PEAR to qiime2 import

Hi,
I’ve been using PEAR to merge together paired-end fastq files, generating 49 samples overall (all are now .fastq).
I want to import those to qiime2 for the rest of the analysis (16S), but I’m not sure whether to import them as single-end artifact, for instance using the good old:
qiime tools import
–type EMPSingleEndSequences
–input-path emp-single-end-sequences
–output-path emp-single-end-sequences.qza

Would appreciate your help!

Hi @barakdror,

It sounds like data may already be demultiplexed (if you have 49 files overall?). The smoothest (if not always the easiest) way is probably a manifest format which will follow the single end format.

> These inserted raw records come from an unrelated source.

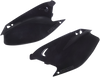 Acerbis Side Panels - Black 2043360001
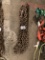 16 FOOT LOGGING CHAIN WITH HOOKS
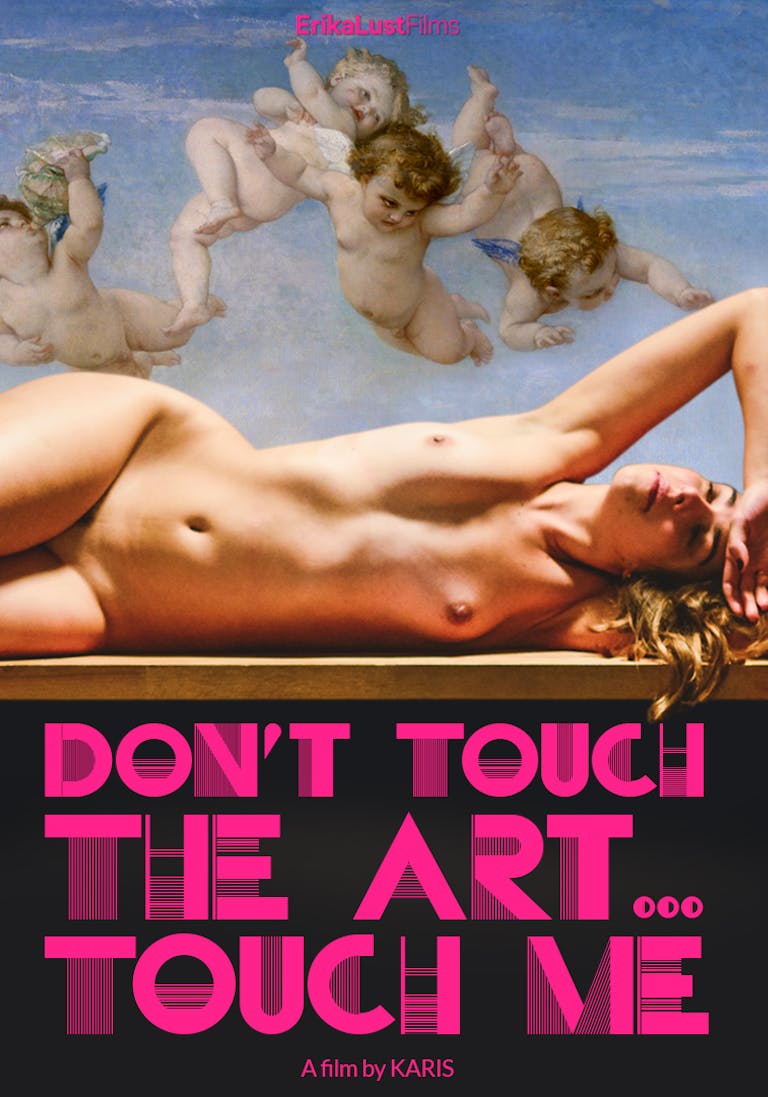 Don't Touch the Art, Touch Me Don't Touch the Art, Touch Me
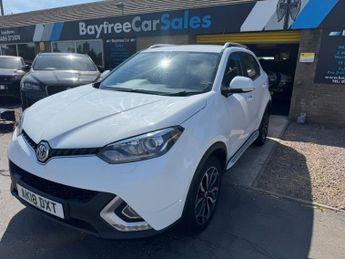 MG GS 1.5 TGI Exclusive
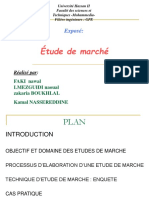 Objectifs Et Domaines D'application Des Études de Marché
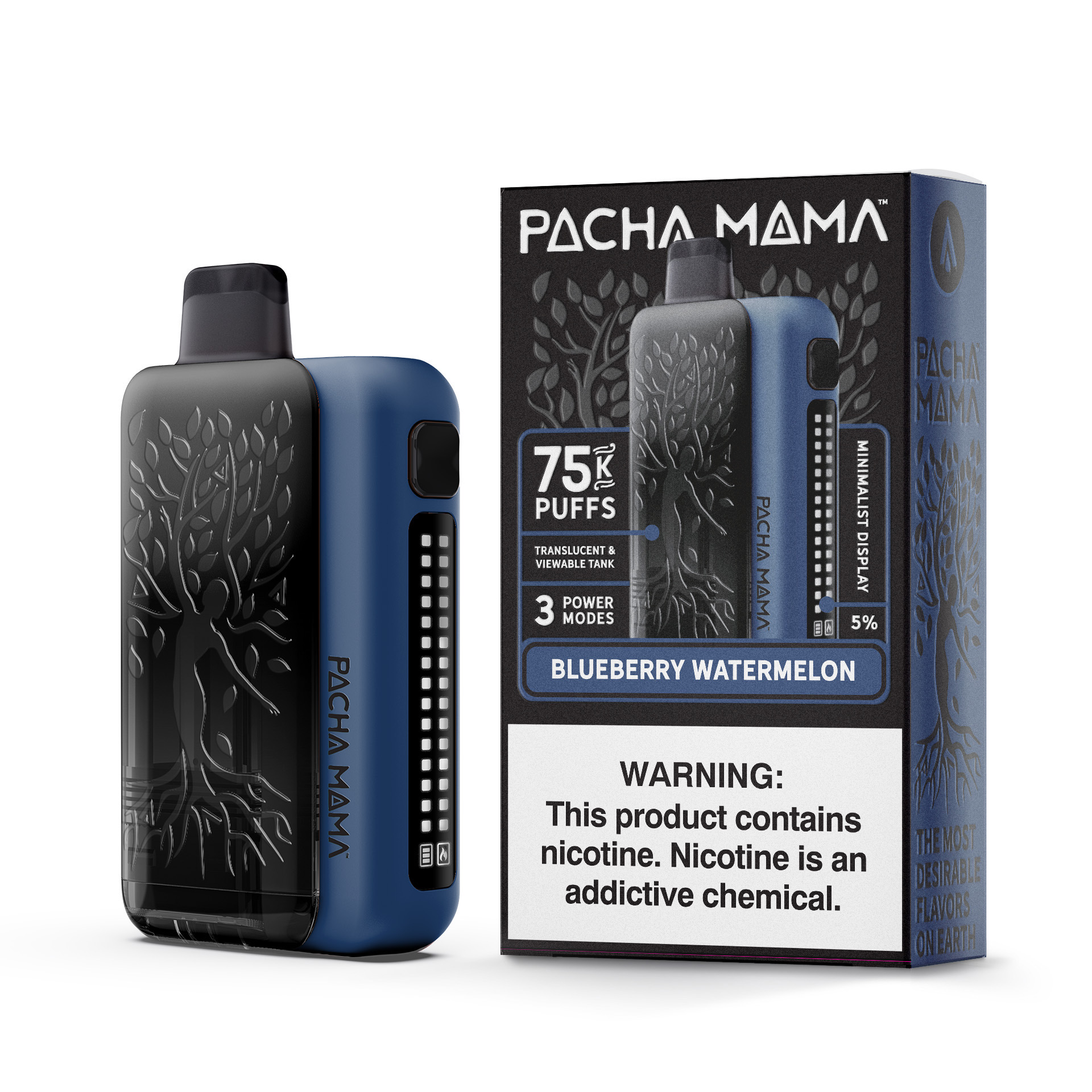 Pachamama (Dispo)(75000Puff)(15mL) - Image 12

I think though that you can use --type "SampleData[JoinedSequencesWithQuality]" in the command. So, for some manifest file saved at manifest.tsv, you could use the command:

qiime tools import \
 --input-path manifest.tsv \
 --output-path joined_seqs.qza \
 --input-format SingleEndFastqManifestPhred33V2 \
 --type  "SampleData[JoinedSequencesWithQuality]"

But, modify as needed.

As a quick reminder, pre-joined data isn’t appropriate for DADA2, so if you want to denoise, I suggest deblur.

Best,
Justine

1 Like

Thank you @jwdebelius!
Regarding DADA2- I understood that the problem is only when the F and R are joined when there is no overlap, thus enforcing the addition of N’s. In my case there is a 14 bases overlap between the reads, so I understand this shouldn’t be a problem for DADA2.

Hi @barakdror,

No, the DADA2 algorithm relies on having raw, unfiltered and unjoined reads. So, its not about overlap length, it’s about the way the algorithm learns error.

Best,
Justine

1 Like

Hmmm, thanks, maybe I misunderstood our seqeucning facility people.
So if I do want to use DADA2 and the overlap is higher than 12 bp (which is the threshold of qiime2 from what I saw in previous posts), than I guess importing the F and R reads using qiime and than do the pairing is porbably wiser.

Thank you for your time!
Barak

1 Like

HI @barakdror,

For DADA2, yes, you want to import the reads as paired end (again, check the manifest format!) and then process in DADA2 from there. This works as long as there has been no quality filtering past like, trimming adapters and stuff.

Best,
Justine

4 Likes

This topic was automatically closed 31 days after the last reply. New replies are no longer allowed.